Louisiana's general obligation bond rating took another hit Wednesday as S&P Global Ratings downgraded the state one notch to AA-minus from AA.
The rating outlook is negative, based largely on revenue woes.
"The rating action reflects our view of the state's persistently weak revenue collections stemming from prolonged contraction in the oil and gas industry coupled with weak individual and corporate income tax collections," S&P credit analyst Nora Wittstruck said in a statement.
S&P also dropped Louisiana's long-term rating on state appropriation bonds one notch to A-plus from AA-minus. The Pelican State's long-term rating on moral obligation bonds was lowered one notch to A-minus from A.
Louisiana's new AA-minus S&P rating is in line with the Aa3 Moody's Investors Service rating and AA-minus score from Fitch Ratings, both affirmed this week ahead of a $189 million GO bond sale scheduled to sell competitively March 22.
Moody's assigns a negative outlook and Fitch a stable outlook.
Moody's downgraded Louisiana one notch in February 2016 as the state grappled with a combined $3 billion shortfall. Fitch downgraded the state in April 2016.
The Louisiana Legislature opted in February to close a $304 million mid-year budget gap by using reserves combined with other spending cuts.

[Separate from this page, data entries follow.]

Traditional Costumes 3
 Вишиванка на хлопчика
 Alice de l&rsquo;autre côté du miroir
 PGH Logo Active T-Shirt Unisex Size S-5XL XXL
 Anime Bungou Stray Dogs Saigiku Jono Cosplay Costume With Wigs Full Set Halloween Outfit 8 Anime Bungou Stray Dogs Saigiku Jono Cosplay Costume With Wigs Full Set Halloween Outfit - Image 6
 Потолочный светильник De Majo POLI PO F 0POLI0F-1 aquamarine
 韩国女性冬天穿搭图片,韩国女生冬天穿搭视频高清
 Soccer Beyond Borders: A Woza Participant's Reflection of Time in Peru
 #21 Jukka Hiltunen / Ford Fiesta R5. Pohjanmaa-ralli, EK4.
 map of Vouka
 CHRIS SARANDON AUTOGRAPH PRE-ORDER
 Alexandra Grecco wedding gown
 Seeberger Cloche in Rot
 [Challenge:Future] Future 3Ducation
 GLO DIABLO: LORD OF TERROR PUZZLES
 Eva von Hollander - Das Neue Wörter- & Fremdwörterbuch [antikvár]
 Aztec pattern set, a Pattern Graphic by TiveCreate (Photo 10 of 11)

"The credit rating agencies are echoing what I, and many in the legislature, have said for a long time – structural tax and budget reform is critically important for our state's future,' Gov. John Bel Edwards said in a statement Wednesday.
"There is a responsible way that we can reform our tax structure to make it fair and predictable for businesses and also bring in sufficient revenue to support the state services a vast majority of state legislators believes is important to maintain for their constituents," he said.